[Stored items from a collection]
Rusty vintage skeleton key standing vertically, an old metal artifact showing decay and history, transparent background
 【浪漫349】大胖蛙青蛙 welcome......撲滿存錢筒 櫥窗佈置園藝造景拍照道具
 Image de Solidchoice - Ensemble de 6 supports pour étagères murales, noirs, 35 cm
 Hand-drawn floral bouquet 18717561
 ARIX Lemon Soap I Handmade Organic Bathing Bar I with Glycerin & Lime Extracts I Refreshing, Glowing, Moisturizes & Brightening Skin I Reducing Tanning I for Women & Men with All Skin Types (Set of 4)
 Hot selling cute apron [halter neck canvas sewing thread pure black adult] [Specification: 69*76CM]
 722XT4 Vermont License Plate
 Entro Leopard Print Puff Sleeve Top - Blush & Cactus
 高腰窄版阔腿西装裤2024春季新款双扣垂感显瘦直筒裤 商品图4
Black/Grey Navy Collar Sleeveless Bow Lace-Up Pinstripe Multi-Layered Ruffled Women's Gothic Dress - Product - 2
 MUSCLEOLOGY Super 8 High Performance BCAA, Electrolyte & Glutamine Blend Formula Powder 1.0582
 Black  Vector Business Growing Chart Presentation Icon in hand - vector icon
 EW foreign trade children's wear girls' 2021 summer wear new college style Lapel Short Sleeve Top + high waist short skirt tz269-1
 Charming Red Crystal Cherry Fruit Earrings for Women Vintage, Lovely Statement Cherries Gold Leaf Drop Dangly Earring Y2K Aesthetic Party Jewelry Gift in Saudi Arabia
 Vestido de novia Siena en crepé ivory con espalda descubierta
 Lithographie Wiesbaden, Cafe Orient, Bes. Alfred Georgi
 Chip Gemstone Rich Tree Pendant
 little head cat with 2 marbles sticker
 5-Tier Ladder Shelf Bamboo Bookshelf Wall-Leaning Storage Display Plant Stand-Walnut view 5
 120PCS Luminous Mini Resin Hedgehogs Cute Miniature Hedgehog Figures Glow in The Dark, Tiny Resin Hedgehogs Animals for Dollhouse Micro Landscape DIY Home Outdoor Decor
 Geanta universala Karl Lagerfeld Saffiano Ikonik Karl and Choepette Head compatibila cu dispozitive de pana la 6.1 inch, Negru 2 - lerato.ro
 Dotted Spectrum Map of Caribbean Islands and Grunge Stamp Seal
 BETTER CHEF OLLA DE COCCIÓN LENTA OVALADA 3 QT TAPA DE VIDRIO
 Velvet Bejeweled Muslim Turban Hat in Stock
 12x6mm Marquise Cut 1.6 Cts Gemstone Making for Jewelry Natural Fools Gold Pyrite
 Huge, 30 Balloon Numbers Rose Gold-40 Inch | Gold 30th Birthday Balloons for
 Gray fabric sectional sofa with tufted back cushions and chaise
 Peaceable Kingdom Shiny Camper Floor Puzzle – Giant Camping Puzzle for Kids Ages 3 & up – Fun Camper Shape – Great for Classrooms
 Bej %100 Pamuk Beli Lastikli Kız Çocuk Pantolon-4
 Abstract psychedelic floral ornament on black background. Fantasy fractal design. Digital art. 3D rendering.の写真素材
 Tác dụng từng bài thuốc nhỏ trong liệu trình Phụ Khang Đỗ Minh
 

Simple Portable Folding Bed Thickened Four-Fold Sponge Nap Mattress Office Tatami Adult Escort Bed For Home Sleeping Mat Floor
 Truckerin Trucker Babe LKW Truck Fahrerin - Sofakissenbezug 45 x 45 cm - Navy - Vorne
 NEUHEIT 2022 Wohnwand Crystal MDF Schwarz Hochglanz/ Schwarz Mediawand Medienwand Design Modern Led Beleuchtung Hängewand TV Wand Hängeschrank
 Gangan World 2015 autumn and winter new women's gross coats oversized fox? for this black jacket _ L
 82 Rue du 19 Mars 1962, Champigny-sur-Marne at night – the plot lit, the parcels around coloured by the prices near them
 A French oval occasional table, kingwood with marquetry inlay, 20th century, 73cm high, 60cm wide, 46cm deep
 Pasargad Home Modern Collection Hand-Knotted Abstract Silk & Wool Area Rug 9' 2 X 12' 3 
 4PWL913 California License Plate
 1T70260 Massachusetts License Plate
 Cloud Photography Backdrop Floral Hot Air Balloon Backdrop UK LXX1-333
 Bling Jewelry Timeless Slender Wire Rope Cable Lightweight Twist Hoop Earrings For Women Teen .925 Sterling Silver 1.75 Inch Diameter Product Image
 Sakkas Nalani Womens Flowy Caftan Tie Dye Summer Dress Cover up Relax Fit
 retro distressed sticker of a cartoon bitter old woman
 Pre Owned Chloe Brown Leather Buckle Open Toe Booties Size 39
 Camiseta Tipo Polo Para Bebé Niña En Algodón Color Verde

PROBLEM DESCRIPTION. Write out only the lines that run from the line containing "Gangan World 2015" through the line containing "A French oval", both included, exactly as they appear above.

WRITTEN RESPONSE.
 Gangan World 2015 autumn and winter new women's gross coats oversized fox? for this black jacket _ L
 82 Rue du 19 Mars 1962, Champigny-sur-Marne at night – the plot lit, the parcels around coloured by the prices near them
 A French oval occasional table, kingwood with marquetry inlay, 20th century, 73cm high, 60cm wide, 46cm deep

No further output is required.